Evolutionary considerations suggest the primary star’s initial mass exceeded 7.6 M☉, implying the WD is an ONe (oxygen‑neon) composition rather than a CO white dwarf. Consequently, the system cannot evolve into a Type Ia supernova, despite the massive WD. The paper also references V Sge as an “intermediate‑mass cataclysmic variable” (IMCV) and notes a contemporaneous study (Chamoli et al. 2025) that identifies a similar Be‑WD binary in M31, reinforcing the plausibility of this new class.

Critical appraisal highlights several uncertainties: the mass and radius estimates rely on a simple blackbody model that may not fully account for the Be star’s emission‑line contribution and disk veiling; the lack of radial‑velocity curves prevents a direct dynamical mass measurement; and the geometry of the decretion disk relative to the Roche lobe remains inferred rather than directly observed.
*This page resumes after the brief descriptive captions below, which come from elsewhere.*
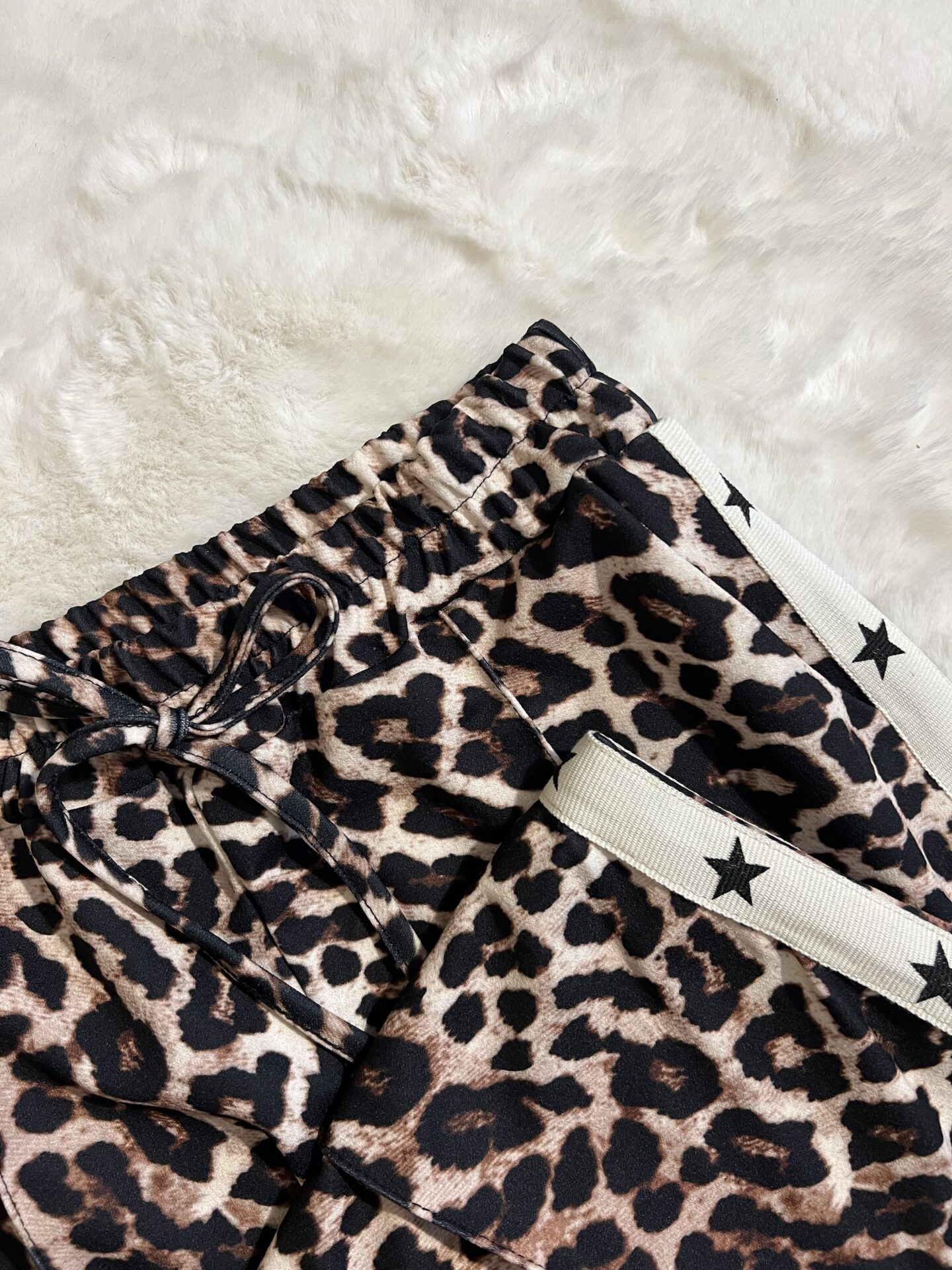 Dames flair panter - Afbeelding 2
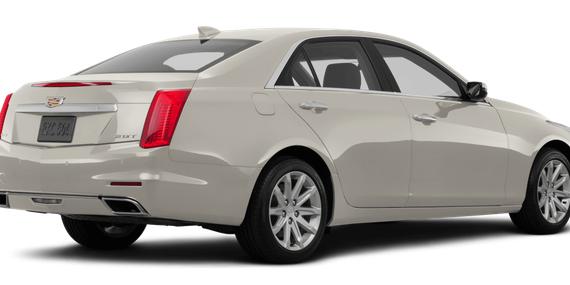 CADILLAC CTS 2015 1G6AR5S33F0140215 image
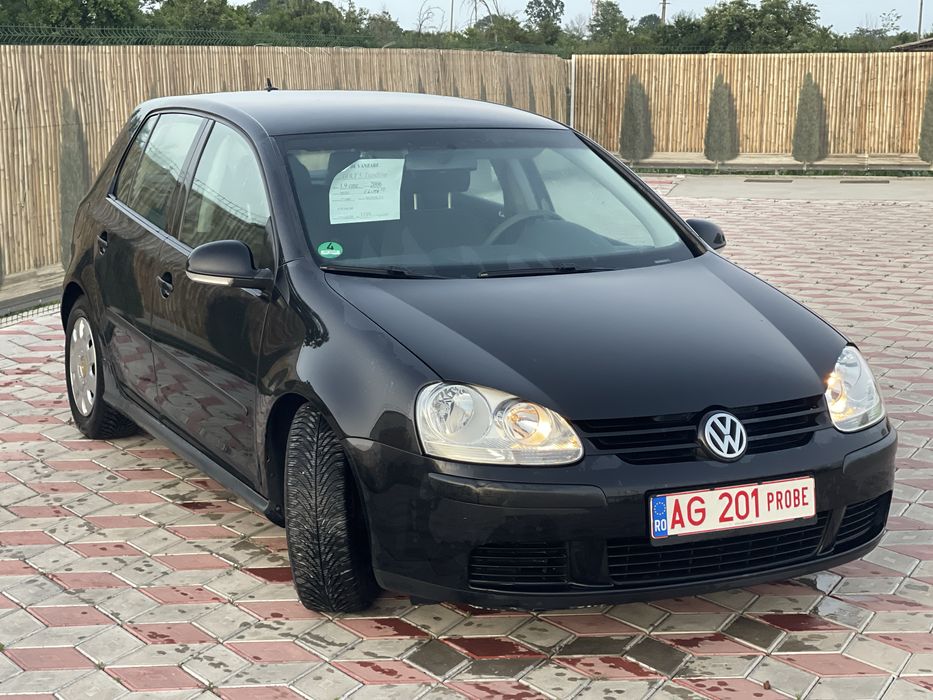 Volkswagen GOLF V 5 1.9TDI TRENDLINE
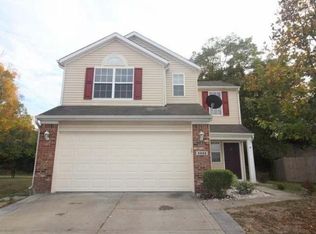 4644 White Lick Ct, Indianapolis, IN 46227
High‑resolution spectroscopy, interferometric imaging of the disk, and long‑baseline monitoring of the orbital motion are recommended to confirm the disk‑to‑disk transfer scenario.

In summary, FQ Cir is presented as the first confirmed high‑mass cataclysmic variable, featuring a 13 M☉ Be companion, a 1.25 M☉ ONe white dwarf, a 2.04‑day orbit, and a novel mass‑transfer mode. This discovery bridges the gap between classical cataclysmic variables and high‑mass X‑ray binaries, opening a new avenue for studying binary evolution, mass transfer physics, and nova mechanisms in systems with massive, early‑type donors.